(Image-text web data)
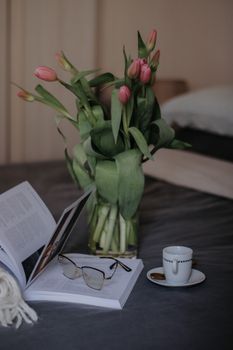 A serene setting with books, eyeglasses, pink tulips, and coffee for a relaxing afternoon.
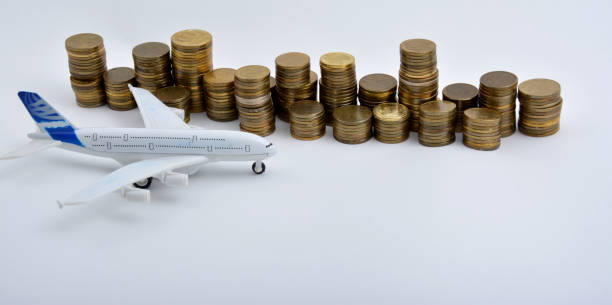 istock Plane plastic toy with coins isolated on white background 901613022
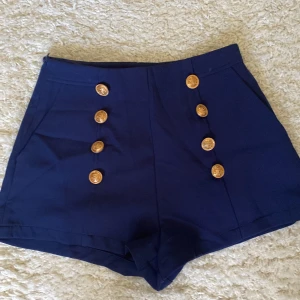 Eleganta short med guldknappar - Eleganta short i fin blå färg och guldknappar. Knappt använda så i nyskick! Storlek xs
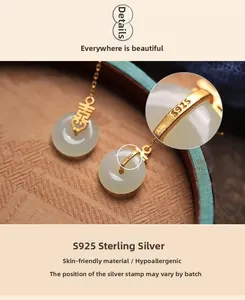 Détail du poinçon S925 sur ces boucles d'oreilles longues de style chinois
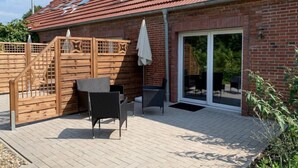 Un espace patio agrémenté d’un mur en briques, d’une porte en bois et d’une table avec des chaises.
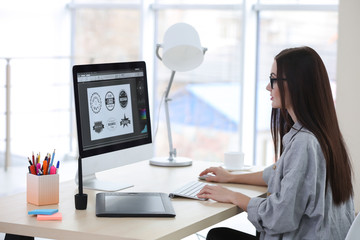 Young female designer working in office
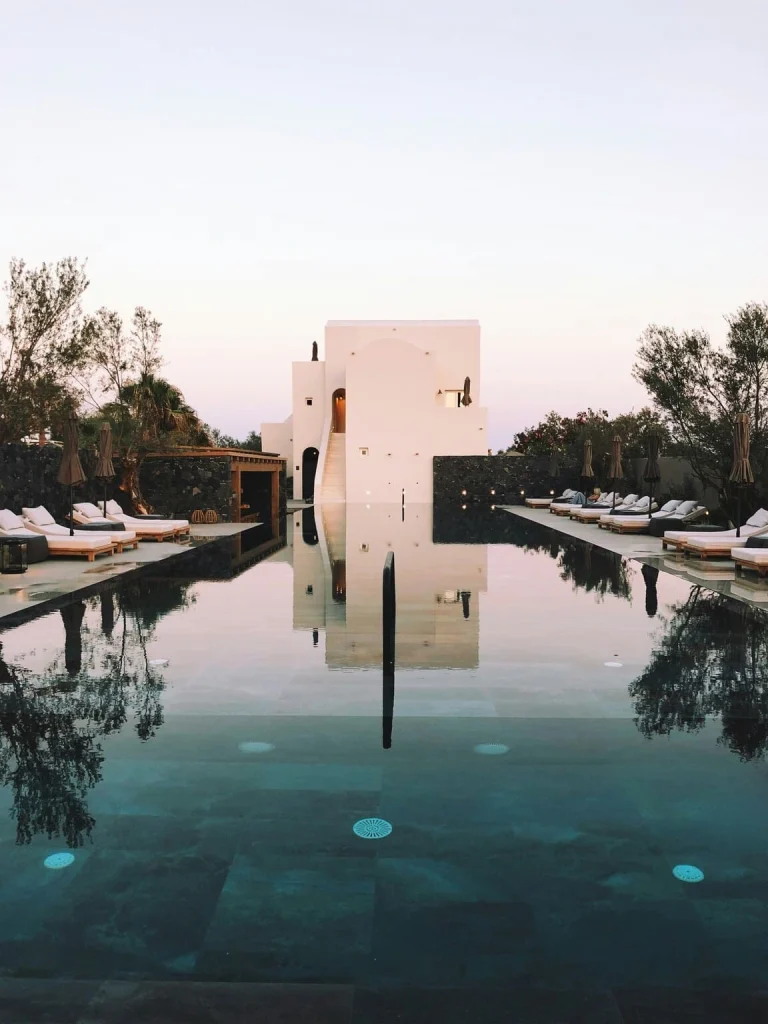 hotel with pool and lounge chair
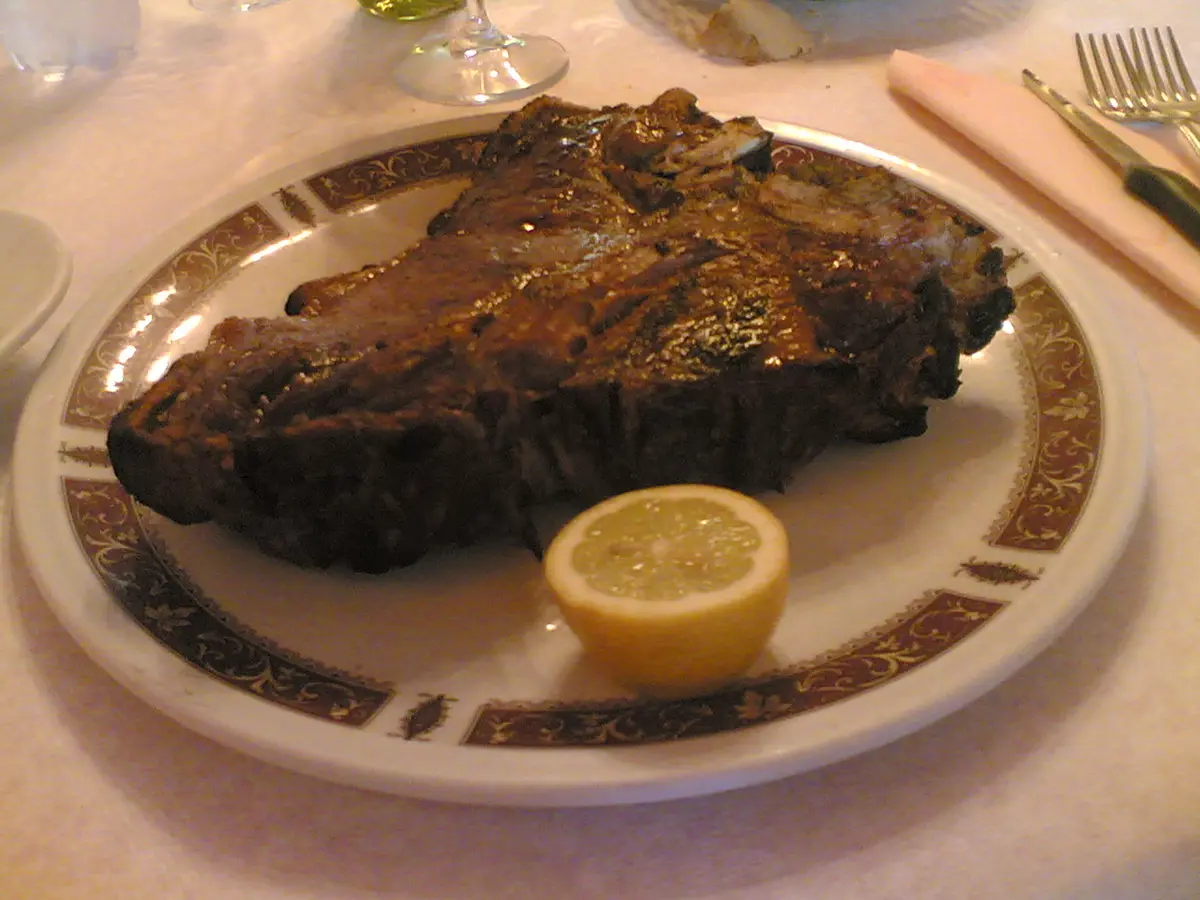 A thick grilled T-bone steak on a white plate with a wedge of lemon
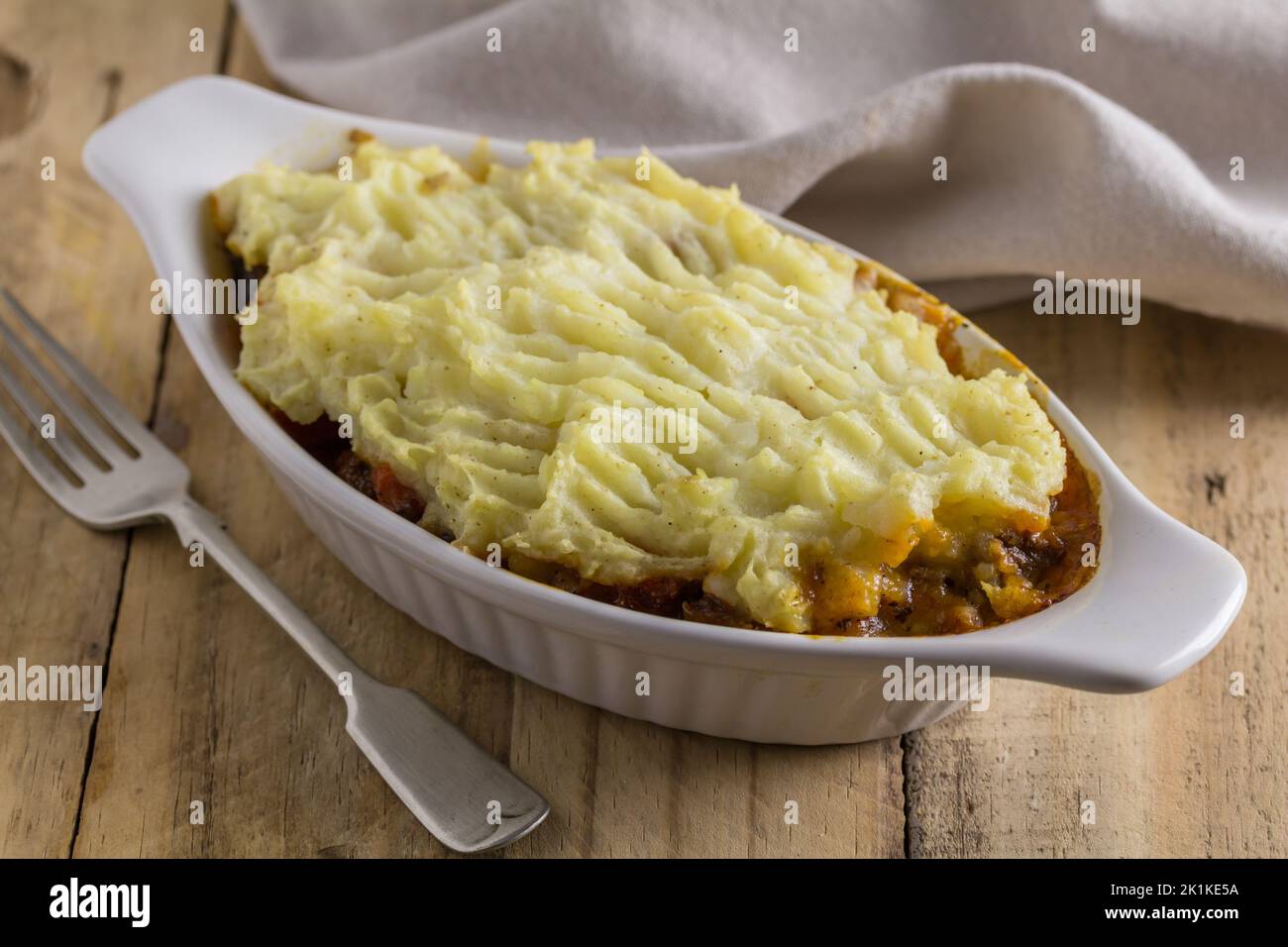 Rustikaler Schafspelzkuchen auf Holztisch - Cottage Pie mit Kartoffelpüree Stockfoto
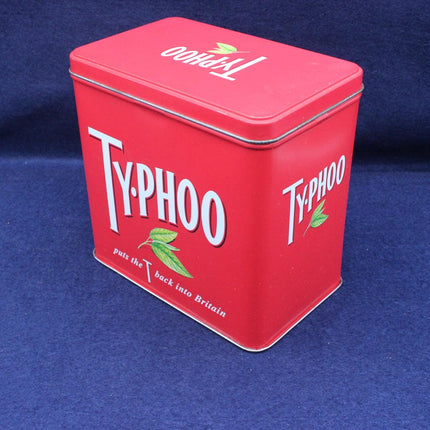 Front view of a red tea caddy tin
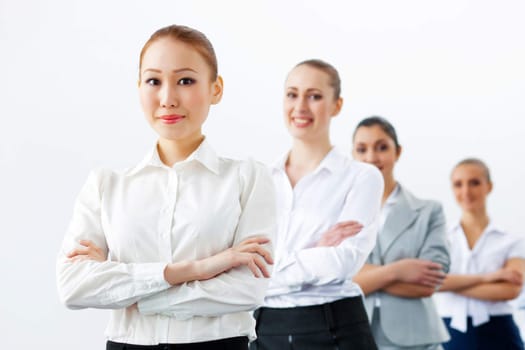 Image of four pretty young businesswomen standing in row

* **Your assignment**
Pictures stay out, but every record above is to be returned exactly.

* **Completed exercise**
 A serene setting with books, eyeglasses, pink tulips, and coffee for a relaxing afternoon.
 istock Plane plastic toy with coins isolated on white background 901613022
 Eleganta short med guldknappar - Eleganta short i fin blå färg och guldknappar. Knappt använda så i nyskick! Storlek xs
 Détail du poinçon S925 sur ces boucles d'oreilles longues de style chinois
 Un espace patio agrémenté d’un mur en briques, d’une porte en bois et d’une table avec des chaises.
 Young female designer working in office
 hotel with pool and lounge chair
 A thick grilled T-bone steak on a white plate with a wedge of lemon
 Rustikaler Schafspelzkuchen auf Holztisch - Cottage Pie mit Kartoffelpüree Stockfoto
 Front view of a red tea caddy tin
 Image of four pretty young businesswomen standing in row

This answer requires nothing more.